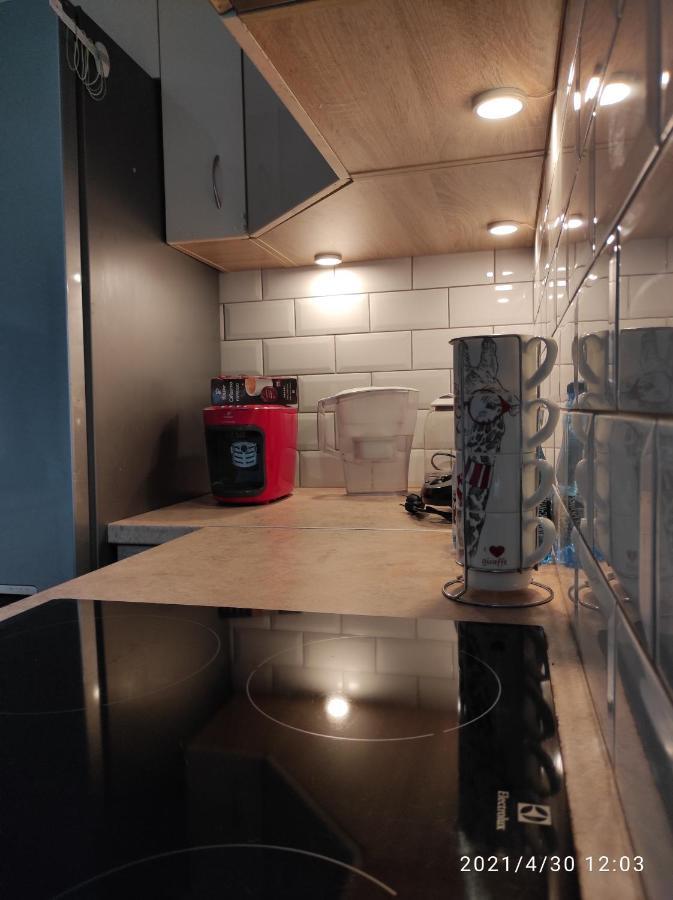 Przytulny Apartament, 2 Pokoje Nad Morzem Lägenhet Gdańsk Exteriör bild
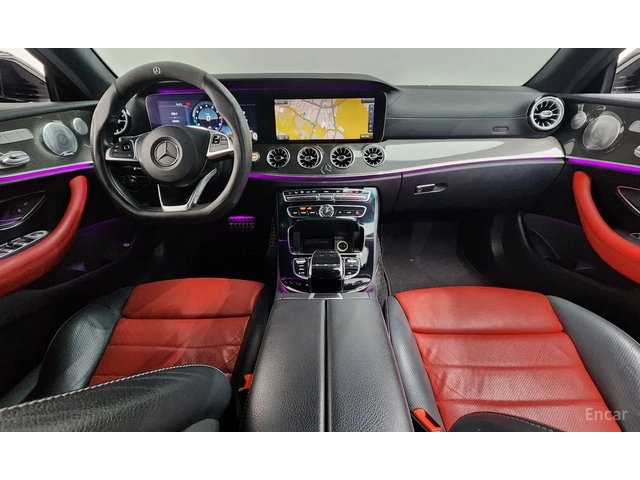 Mercedes-Benz E 400 4MATIC - автомобили, коли, обяви за нови и употребявани 4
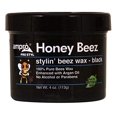 thumbnail image 1 of AmPro Honey Beez Stylin' Beez Wax Black 4 oz, 1 of 1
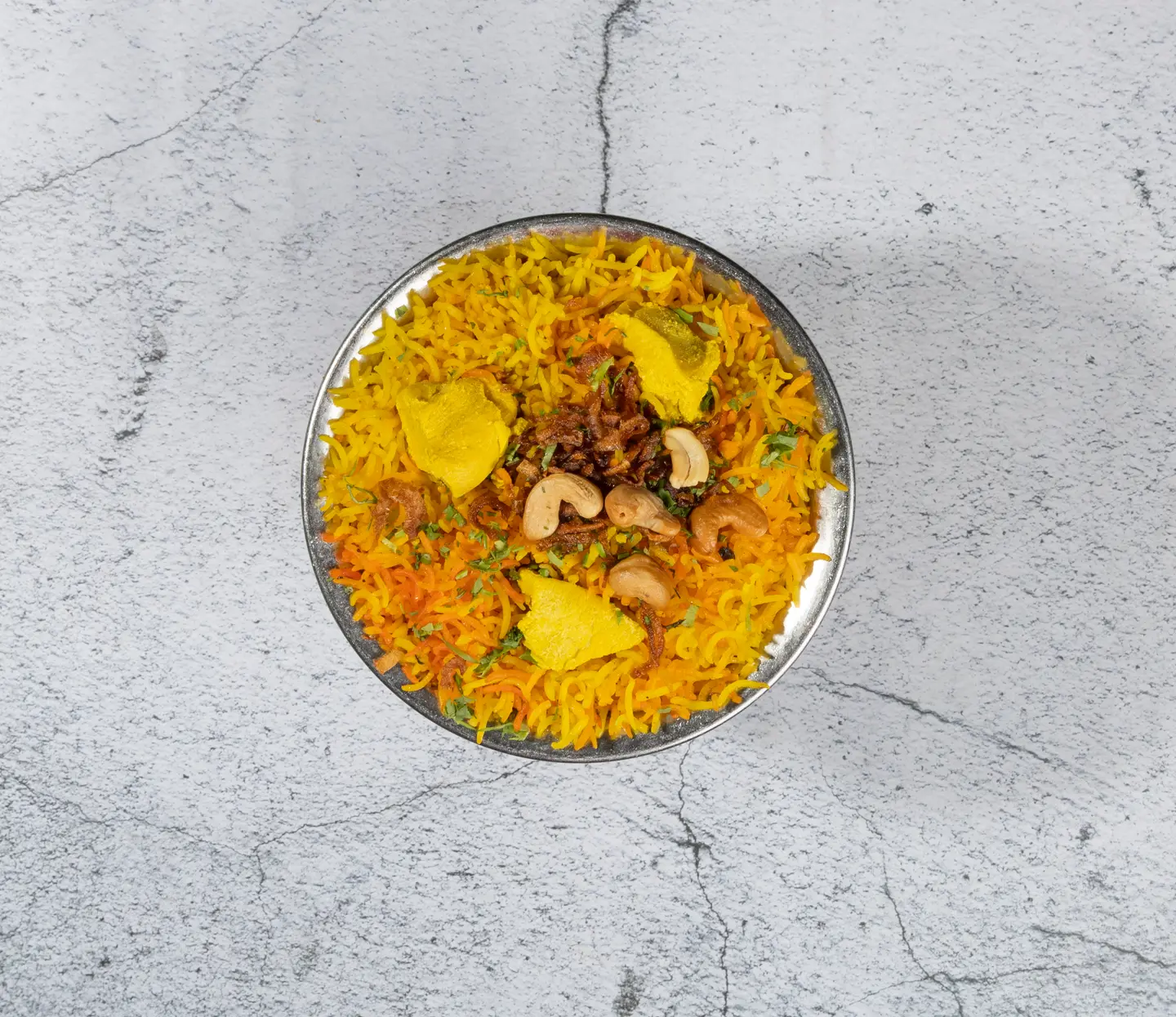 Chicken Biryani Masala Rice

• Task item
The expected answer is an unaltered copy of the listing, images removed.

• Solution to this exercise
 Przytulny Apartament, 2 Pokoje Nad Morzem Lägenhet Gdańsk Exteriör bild
 Mercedes-Benz E 400 4MATIC - автомобили, коли, обяви за нови и употребявани 4
 thumbnail image 1 of AmPro Honey Beez Stylin' Beez Wax Black 4 oz, 1 of 1
 Chicken Biryani Masala Rice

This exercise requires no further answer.